Meine frage ist: "passt den diese Kombination PC+Ionisator?" Habe irgendwie bedenken wegen der Elektrischen Sicherheit/ Statik,"
Weil der Ionisator fast direkt neben dem PC steht und, der Lüfter von meinem PC quasi diese "Ionen" dann einsaugt.
Habt ihr erfahrungen damit?

Thema 3
Kennt ihr das? (So ähnlich wie im Threadanfang) Ein Geruch denn man irgendwie nicht beschreiben kann?
Chemiche Plasikgerüche die man anfangs riecht z.B. neues Headset. Die aber mit der Zeit dann doch wieder verfliegen.
Oder von Möbeln wo die Schublade "irgendwie süßlich" riecht wenn man sie aufmacht, weil da immer Haribo drinnen sind.
Oder um beim PC zu bleiben: Ich hab mir mal ein gerbrauchtes Gehäuse/ CPU/ und Lüfter gekauf" Die rochen ganz anderst wie mein PC-Gehäuse/CPU.
Aber am besten ist irgendwie doch:  Der Geruch wenn man sein PC-komplett neu zusammengebaut hat und ihn zum ersten mal einschaltet. Hinten am Lüfter riecht... *neu* in ein paar Monaten wird das dann nicht mehr so angenehm sein.

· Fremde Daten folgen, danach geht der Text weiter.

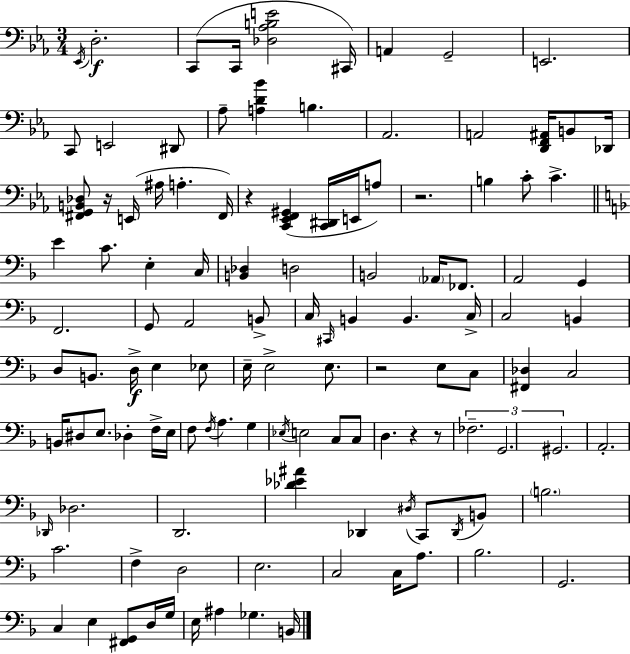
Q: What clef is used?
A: bass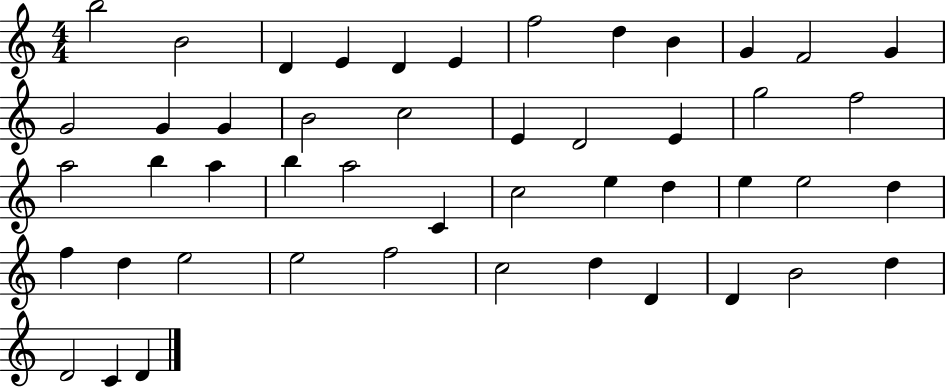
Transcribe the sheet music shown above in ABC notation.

X:1
T:Untitled
M:4/4
L:1/4
K:C
b2 B2 D E D E f2 d B G F2 G G2 G G B2 c2 E D2 E g2 f2 a2 b a b a2 C c2 e d e e2 d f d e2 e2 f2 c2 d D D B2 d D2 C D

So das war es dann mal. Wäre cool wenn ihr mir bei Thema 2 weiterhelfen könntet.
Oder mir Thema 1 erklären könntet.
Wenn nicht freu ich mich natürlich, irgendwelche Kommentare zu Thema 3 zu hören.
z.B. Was benutz ihr den für ein Parfüm? Mögt ihr auch den Geruch von einer neuen Grafikkarte? Oder wie riecht euer Kleiderschrank? - legt ihr dort auch ein durchgebranntes Kabel zur Raumerfrischung hinein?
Bin für alle Tipp's offen, bin mal gespannt.


----------



## Incredible Alk (6. Oktober 2019)

Woher der schlechte Geruch bei Neuhardware kommt: Ausdünstungen bei Wärme von Substanzen die bei der Herstellung von PCBs beispielsweise verwendet wurden. Beispielsweise Lotflussmittel. Das gibt sich mit der Zeit wenn das Zeug verflogen ist. Dasselbe gilt für nahezu alle Neuen Artikel aus Fabrikherstellungen wo man Flussmittel, Lösemittel, Chemikalien usw. verwenden muss. Ein bisschen was bleibt zurück und die Spuren davon riechst du bei Neuware als Endkunde, egal ob Elektronik, Möbel, Maschinen, was auch immer.
Das hat mit Elektrosmog nix zu tun (das ist die bezeichnung für hohe elektromagnetische Strahlenbelastung).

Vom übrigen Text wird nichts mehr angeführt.